ABOUT THIS TASK:
The material below holds the lines to copy: from the one with "Day Single Casual" up to and including the one with "Лежанка для кошек плетеная". Copy them exactly and skip the pictures.

STUDY MATERIAL:
_ _ _
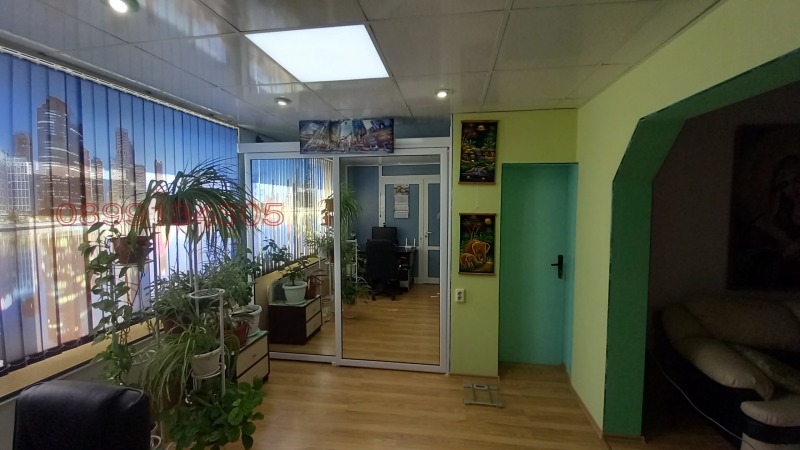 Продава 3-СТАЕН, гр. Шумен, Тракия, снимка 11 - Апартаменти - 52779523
_ _ _
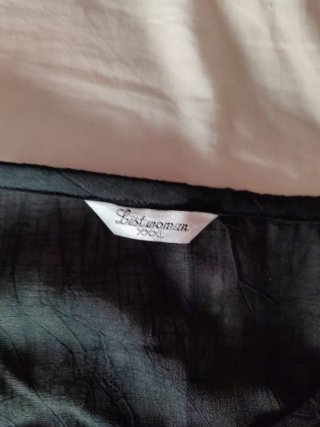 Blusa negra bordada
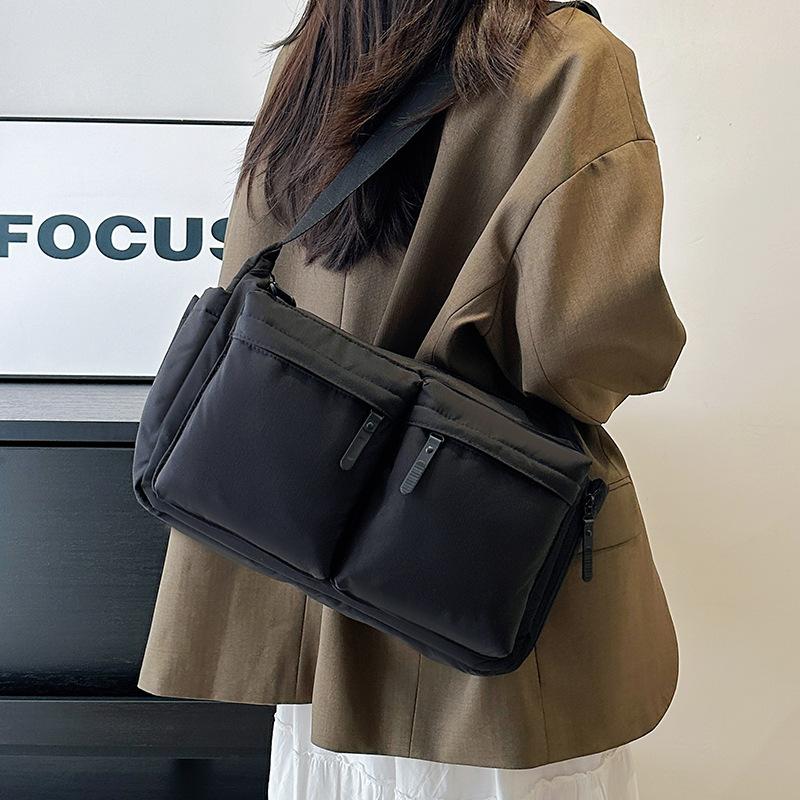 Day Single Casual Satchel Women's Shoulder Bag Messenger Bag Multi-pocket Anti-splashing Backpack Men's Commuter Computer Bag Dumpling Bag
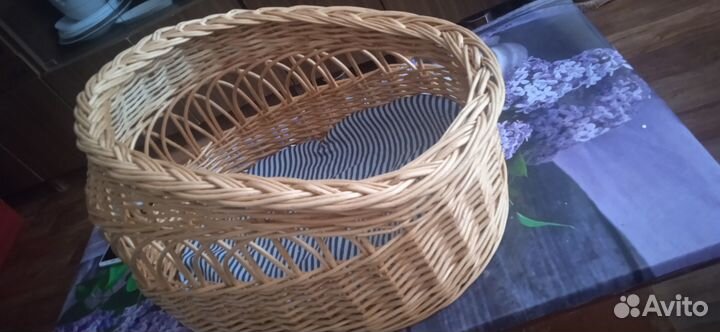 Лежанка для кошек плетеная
_ _ _
RESPONSE AREA:
 Day Single Casual Satchel Women's Shoulder Bag Messenger Bag Multi-pocket Anti-splashing Backpack Men's Commuter Computer Bag Dumpling Bag
 Лежанка для кошек плетеная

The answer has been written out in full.